La
inclinación a vincularnos con nuestras heridas, en lugar de dejarlas atrás,
hace que experimentemos constantemente la sensación de no ser dignos. Una
persona que haya experimentado acontecimientos traumáticos en la vida, como una
violación sexual, la muerte de seres queridos, enfermedades traumáticas,
accidentes, rupturas familiares, drogadicciones y otras cosas similares, puede
llegar a vincularse con los dolorosos acontecimientos del pasado y rememorarlos
para llamar la atención o despertar lástima en los demás. Esas heridas de
nuestras vidas parecen darnos una gran cantidad de poder sobre los demás.
Cuanto
más les hablamos a otros sobre nuestras heridas y sufrimientos, tanto más
creamos un entorno de compasión por nosotros mismos. Nuestro espíritu creativo
permanece tan conectado con los recuerdos de nuestras heridas que no puede
dedicarse a transformar y manifestar.

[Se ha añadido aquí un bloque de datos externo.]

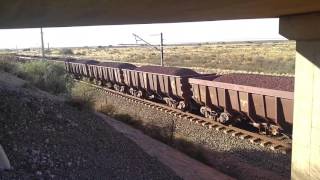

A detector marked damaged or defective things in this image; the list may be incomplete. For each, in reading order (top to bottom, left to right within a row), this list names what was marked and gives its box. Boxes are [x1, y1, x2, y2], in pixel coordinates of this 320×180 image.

rusty brown wagon [87, 61, 136, 90]
rusty brown wagon [123, 65, 201, 109]
rusty brown wagon [189, 74, 294, 134]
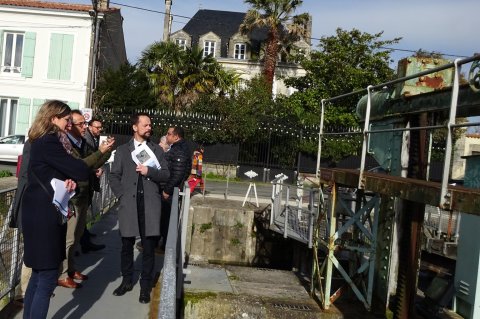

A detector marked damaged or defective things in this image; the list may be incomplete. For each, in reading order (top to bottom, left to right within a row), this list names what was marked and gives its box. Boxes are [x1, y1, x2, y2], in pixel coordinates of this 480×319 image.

rusted metal beam [318, 169, 480, 216]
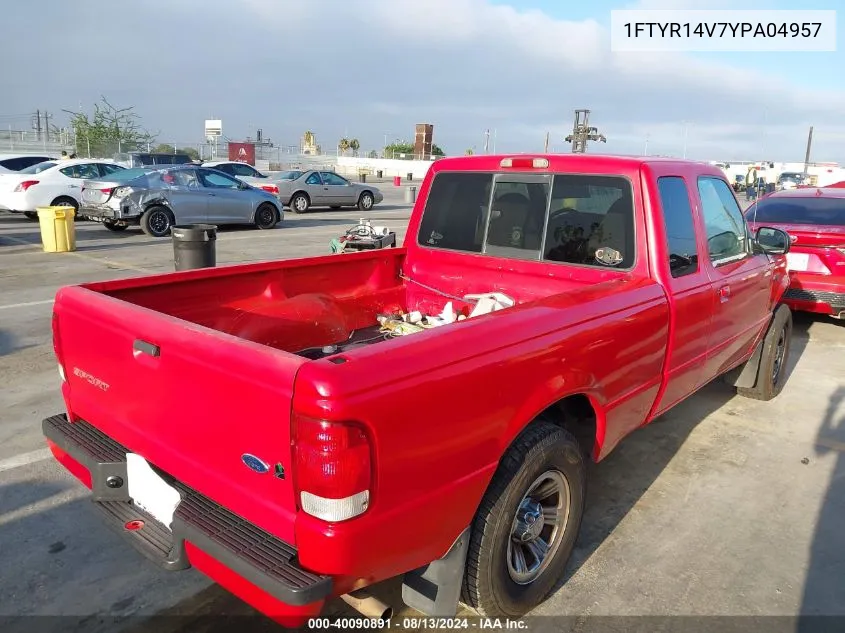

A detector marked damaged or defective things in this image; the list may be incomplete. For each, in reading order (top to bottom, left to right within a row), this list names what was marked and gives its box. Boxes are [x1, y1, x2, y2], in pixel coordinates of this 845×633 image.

damaged car [83, 164, 286, 236]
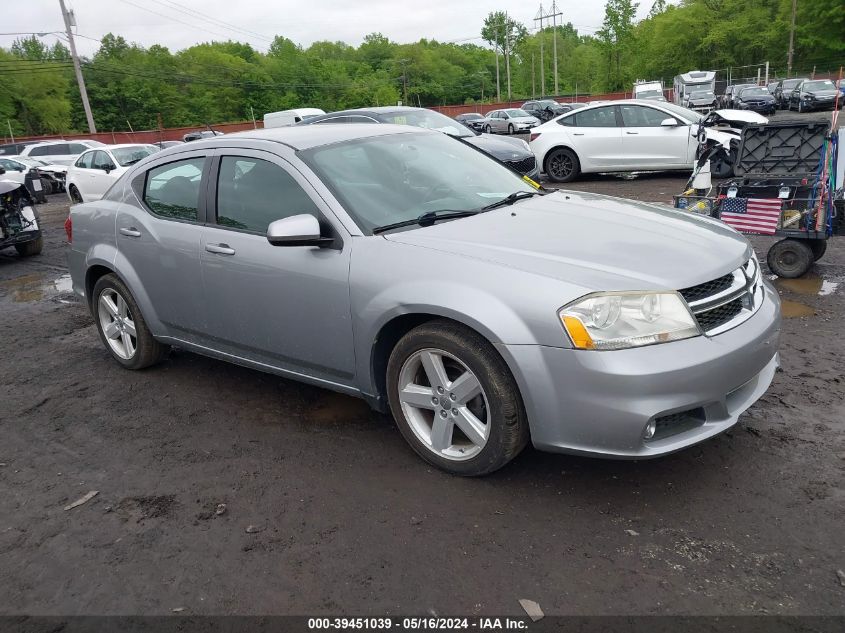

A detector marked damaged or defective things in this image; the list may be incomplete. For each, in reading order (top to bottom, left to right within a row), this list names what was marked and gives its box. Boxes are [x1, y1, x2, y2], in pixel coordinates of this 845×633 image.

El resultado de ello es la sensación de
desmerecimiento, de no ser digno de recibir todo aquello que se deseas.
Sucede
a menudo que la narración de esos males va acompañada al principio por una
especie de necesidad de que el interlocutor sepa lo horrible que fue y sigue
siendo la herida sufrida. Al cabo de un rato el ego utiliza esta energía en una
especie de juego de poder, en situaciones tanto individuales como de grupo,
para estimular la discusión sobre lo duro que ha sido superar esa herida. Eso
puede impedir que el individuo avance espiritualmente, reforzando la imagen de
desvalido que tiene de sí mismo.
La
tendencia a vincularnos con las heridas de nuestras vidas nos recuerda lo poco
merecedores que somos de recibir nada de lo que realmente nos gustaría tener,
debido a que permanecemos sumidos en un estado de sufrimiento. Cuanto más se
recuerdan y se repiten estas historias dolorosas, tanto más tiene garantizado
esa persona que no atraerá la materialización de sus deseos.
Wayne Dyer.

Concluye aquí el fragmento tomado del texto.